• Your goal
Return all of the listing word for word; the pictures stay out.

• Given information
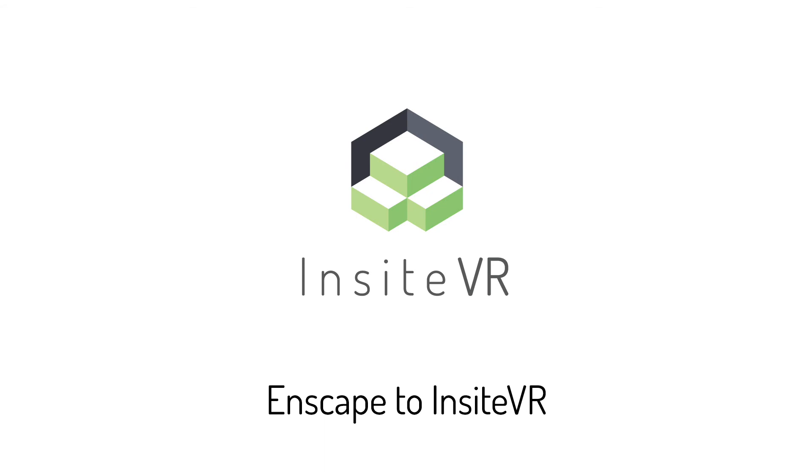We hope this demonstration shows you how you can enhance your Enscape workflow with Insight VR. Thanks for watching.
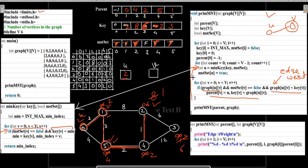In the next iteration the loop calls min key and node 3 is the only node for which all conditions are true. For u=3 the loop runs, MST set of 3 is set to true, and this is the last iteration of the outer loop. This was the C code for Prim's algorithm. Thank you so much for watching.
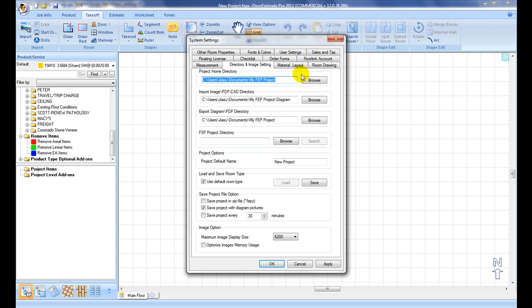Under Directories and Image Setting tab, Default Home Project Directory, Plan Image Directory, and Diagram Export Directory can be set up.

• Answer below
We hope this demonstration shows you how you can enhance your Enscape workflow with Insight VR. Thanks for watching.
In the next iteration the loop calls min key and node 3 is the only node for which all conditions are true. For u=3 the loop runs, MST set of 3 is set to true, and this is the last iteration of the outer loop. This was the C code for Prim's algorithm. Thank you so much for watching.
Under Directories and Image Setting tab, Default Home Project Directory, Plan Image Directory, and Diagram Export Directory can be set up.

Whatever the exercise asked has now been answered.